The Week in Leisure: Leisure Learns to Rebalance
This week’s curation tracks a sector asking sharper questions about the future of free time, from AI’s promise of leisure to active play’s developmental power and the rise of smarter, community-sensitive travel.
🦉 Philosophy & Culture
The AI Productivity Paradox: Efficiency as a Leisure Trap
While AI promises to save time, studies reveal that efficiency gains are often reabsorbed by increased workloads and "digital multiplexing" rather than being returned as leisure. This paradox challenges leaders to move beyond task-reduction and instead focus on protecting cognitive space and meaningful engagement for their teams. (Orange Hello Future)
Is AI a threat?
Ruby’s Studio captures the unsettled cultural mood around AI, moving from creative anxiety and cognitive outsourcing to the deeper question of what people would actually do with more free time. The piece is less a verdict than a mirror: if leisure is the promised dividend of automation, we still need a richer language for what that leisure is for. (Ruby’s Studio)
“Will we work together as humanity to use AI to change how we work and how we live? Or will we look back and wish we’d thought about it?”
🔬 Science & Psychology
Growing Up Active: How Sport/Active Leisure Shapes Minds and Success
This review underscores active leisure as a long-horizon public health tool, linking organized sport in childhood with psychological, developmental, and population-level benefits. It also reframes parents and policy as part of the leisure infrastructure, reminding us that access to play is not just a lifestyle choice but a social design challenge. (PubMed)
📈 Business & Strategy
Leisure Travel Market Dynamics Report 2026–2035
Research and Markets projects the leisure travel market rising from USD 5.50 trillion in 2025 to USD 9.57 trillion by 2035, powered by experiential travel, wellness, digital platforms, and AI-enabled personalization. The signal for operators is clear: growth will belong to brands that make travel feel more personal, restorative, and intelligently curated. (Yahoo Finance)

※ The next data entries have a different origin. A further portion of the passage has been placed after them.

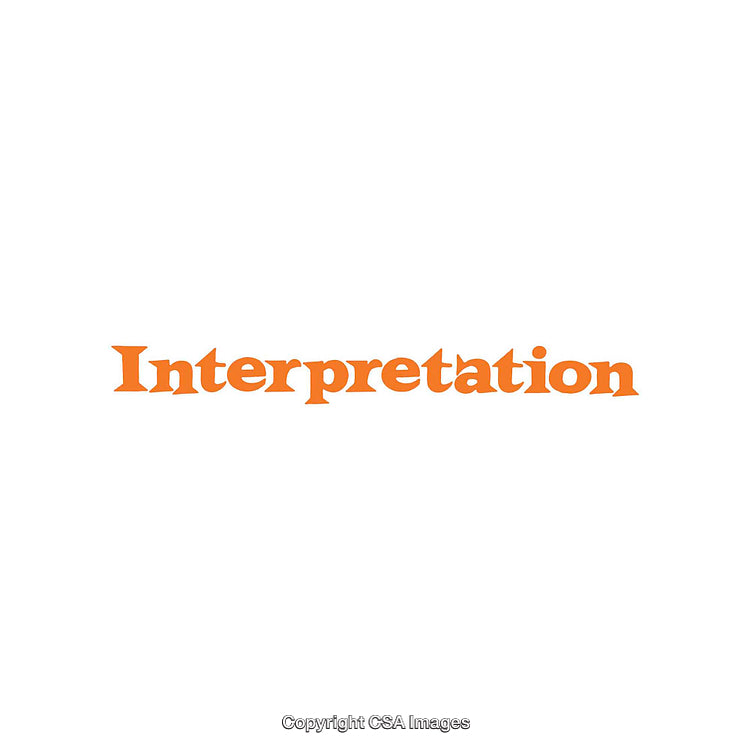Orange Text Displaying "Interpretation" on a Clean White Background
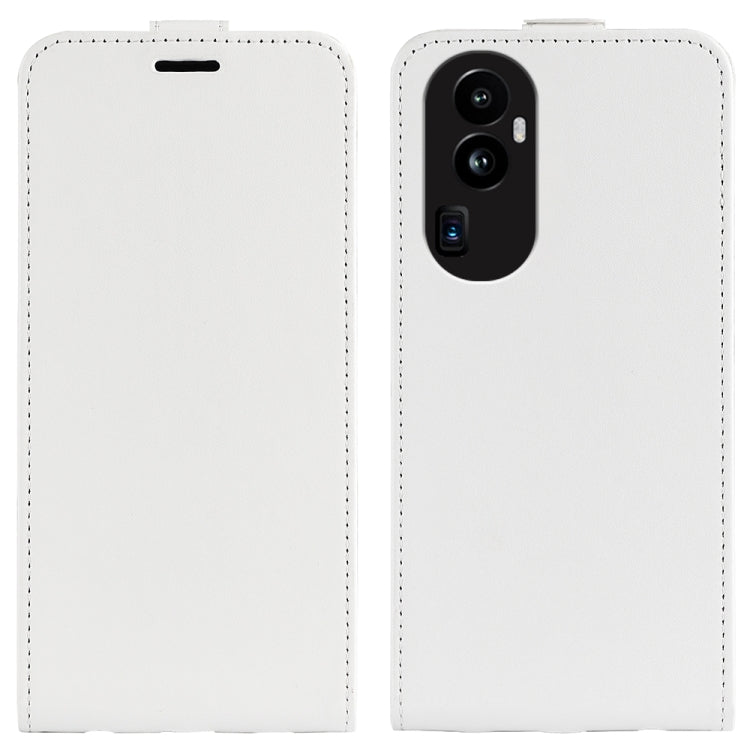 White vertical flip leather phone case with visible camera cutouts on the back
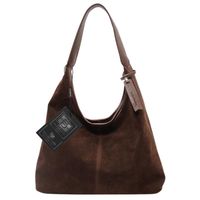 Torebka Damska Zamszowa BAD&BAGS Na Ramię Torba Pojemna Elegancka Brązowa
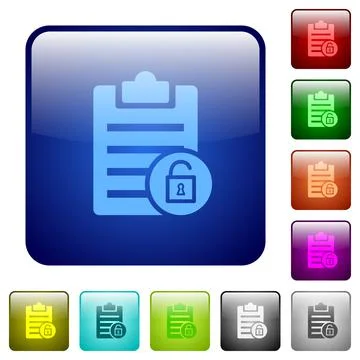 Note unlock color square buttons Stock Illustration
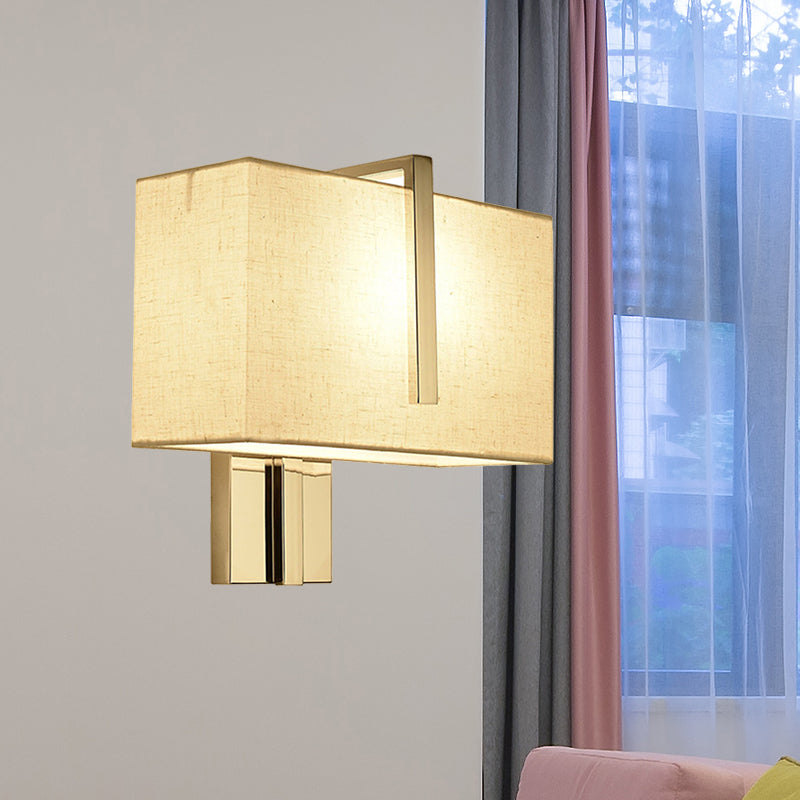 Contemporary Rectangle Wall Light Fixture Fabric LED Wall Sconce Lighting in Chrome for Living Room Clearhalo 'Modern wall lights' 'Modern' 'Wall Lamps & Sconces' 'Wall Lights' Lighting' 1208171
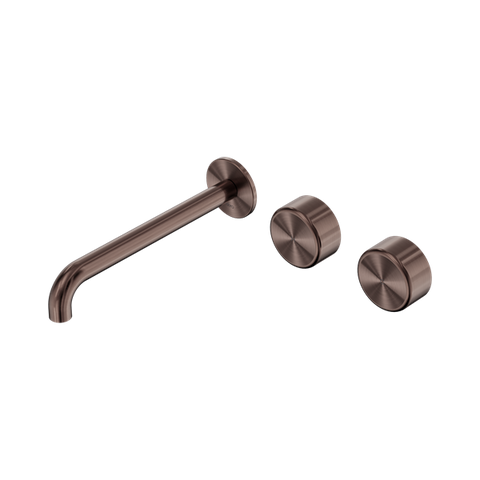 Serenity Wall Basin Set 220mm Offset Spout With Metal Handle - Nero Serenity Collection - Chrome FinishBrushed Bronze Finish
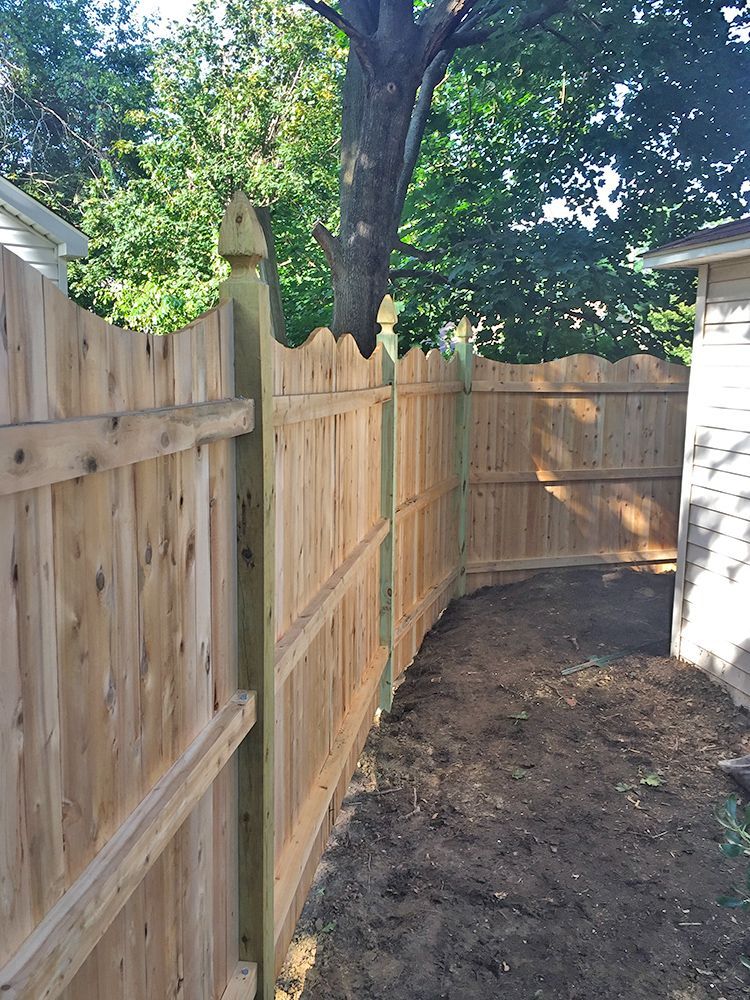 Wooden fence with decorative top, curving around a yard. Tree in the background.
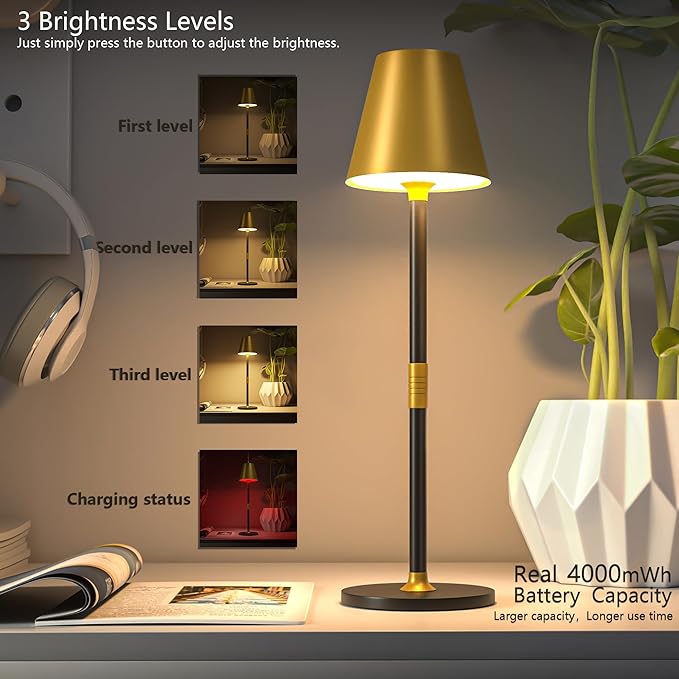 Modern LED CordlessTable Lamp, 4000mAh Rechargeable Battery Desk lamp, 3 Level - Image 2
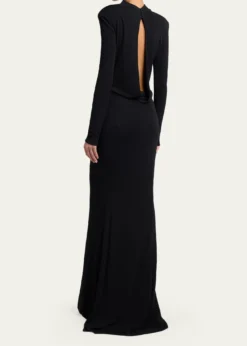 TOM FORDMock-Neck Strong-Shoulder Cutout Gown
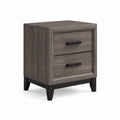Table de chevet 2 tiroirs en bois Gris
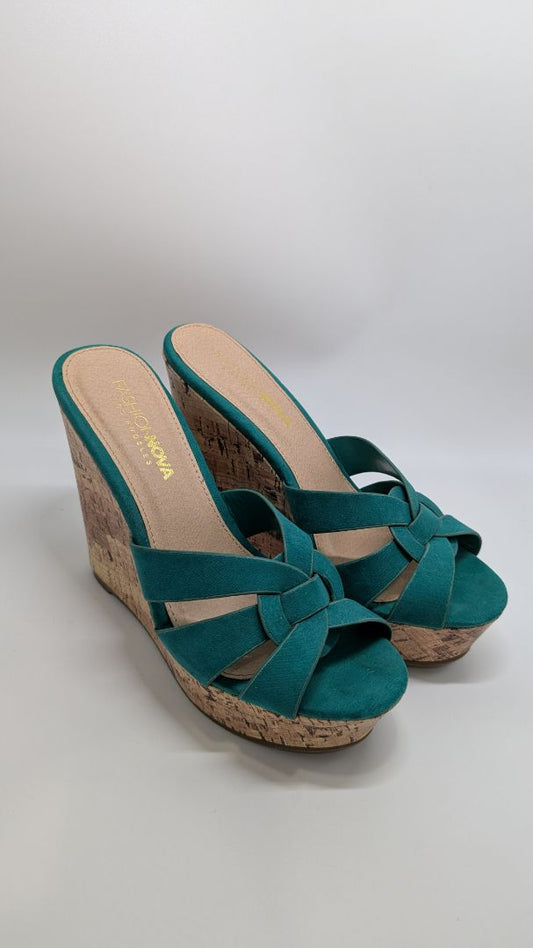 Fashion Nova Turquoise Knotted Wedge Sandals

Travel Agency Services Market
Future Market Insights forecasts travel agency services reaching USD 572.8 billion in 2026 and USD 1.54 trillion by 2036, with online booking dominant but full-service planning still central to complex journeys. The strategic takeaway is that the next travel intermediary is neither purely digital nor purely human, but a hybrid service layer built around certainty, support, and smarter orchestration. (Future Market Insights)
✨ Innovation & Design
Hotel design and technology are inseparable
Hospitality Net’s report from the HT360 Hospitality Leaders Forum argues that technology can no longer be bolted onto hotels after the design work is done. From Wi-Fi and payments to AI-enabled guest engagement, the modern hotel is now a single physical-digital experience, and the best operators will plan it that way from day one. (Hospitality Net)
“We built an AI called Amanda, who was tasked with reaching out to every guest during pre-arrival via WhatsApp, just to start a conversation with them, finding out the kind of experience they wanted to have at the hotel.”
Choosing a Technology Partner with Heart Brings Many Happy Returns
Scott Schaedle makes the case for hospitality technology designed around the real work of housekeepers, engineers, and front desk teams rather than the longest feature list. It is a useful reminder that innovation in leisure only compounds when it reduces cognitive load for staff and preserves the human core of service. (Hospitality Technology)
“When technology is designed around people, it drives operational efficiency and healthier returns throughout recurring revenue and guest demand.”
🌍 Destinations & Communities
Can Custom Travel Fix Overtourism? JayWay Invites Consumers To Travel “Smarter”
JayWay Travel positions custom itineraries, hidden gems, local hosts, and off-peak timing as practical tools for reducing pressure on overcrowded European destinations. The piece points toward a more mature form of leisure travel, where personalization is not just about guest preference but also about community impact. (JayWay Travel)

Reminder that leisure experience at its core is NOT about technology!